The fee cuts, which go into effect Jan. 25, are happening in Microsoft's Advisor Enterprise Agreement Deploy program, in which partners steer customers to purchase Office 365 and other cloud service subscriptions as part of EA volume licensing contracts. In return, partners get a one-time payment based on the full-year value of each seat when the customer deploys the services.
Some partners are so angry about having their fees cut that they're prepared to sell competing products, like Google Apps. One partner told CRN he's planning to change his business to be less dependent on Microsoft partner fees.
"Based on this information, I'll push into other services sooner instead of being a cloud-only play," the source told CRN. "That means VMware and managed services, for which Microsoft gets zero revenue."
The fee cuts mean partners will have less incentive to tout Microsoft cloud services over Google's, the source said. "In the small and medium business space, since the payment from Microsoft isn't much, and the payment from Google isn't much, I'll let the customer choose, instead of advocating for Microsoft," he told CRN.
None of the half-dozen or so partners CRN interviewed for this story would speak on the record for fear of damaging their relationships with Microsoft. A spokesperson for Microsoft addressed some, but not all, of the questions CRN asked about the Office 365 fee cuts, and declined to make an executive available to discuss the matter.
All of the partners CRN interviewed are questioning the wisdom of Microsoft cutting back on Office 365 partner fees at a time when competition in the cloud services market is intensifying.
One Microsoft partner told CRN his incentive fees for Office 365 will drop more than 50 percent after the changes go into effect. To put this into context, a 300-seat deal for Microsoft's top-of-the-line Office 365 E3 plan, which used to earn the partner more than $12,000, will now only bring in around half that much.

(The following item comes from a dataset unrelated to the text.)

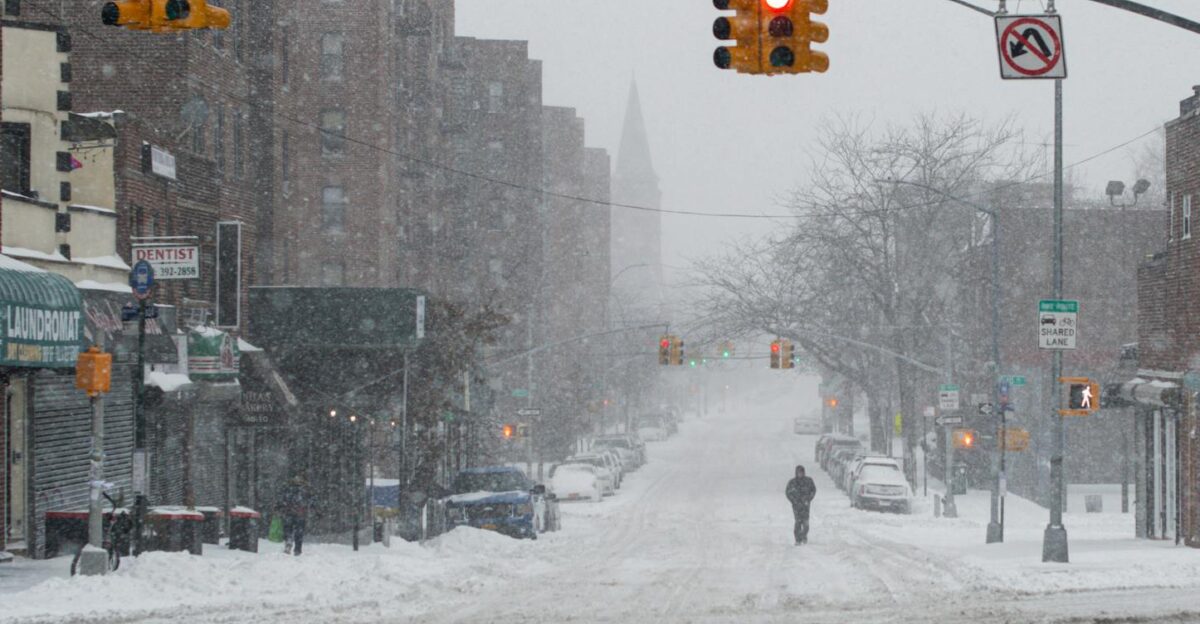 A snow-covered urban street with traffic lights and a lone pedestrian capturing the essence of winter in the city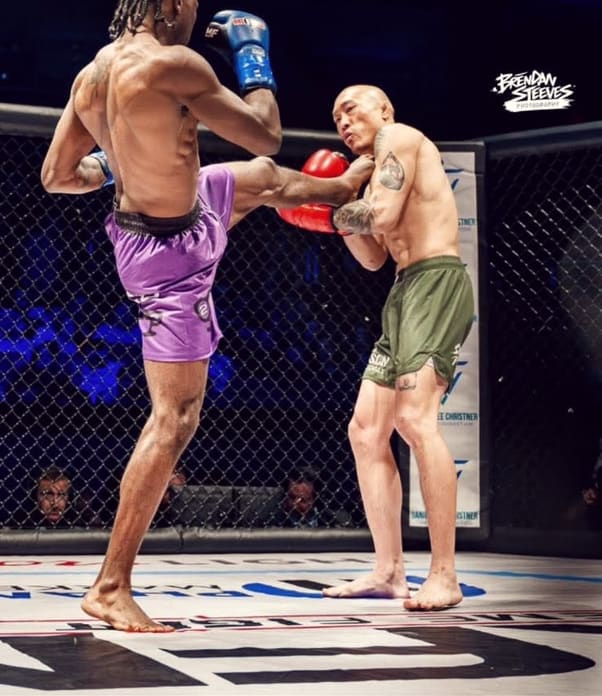 A TCB fighter in purple shorts throws a body kick in the cage.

For an Office 365 E1 deal of similar size, partner incentive fees are set to drop 40 percent, according to the source. "Unfortunately, it looks like the changes are pretty drastic," he said in an interview.
Even partners that don't have a direct financial stake in the Advisor EA Deploy program told CRN the fee cuts are a troubling sign.
"Microsoft has been preaching that the cloud was going to level the playing field [for partners], but nothing is going to stop them from cutting margins," said one disillusioned partner who has been selling Microsoft cloud services since the Business Online Productivity Suite was launched in 2008.
"The channel needs consistency, but Microsoft has changed the payout and commission structure four times in two years," said another disgruntled partner. "How can a partner build a go-to-market model around a payout plan that keeps changing?"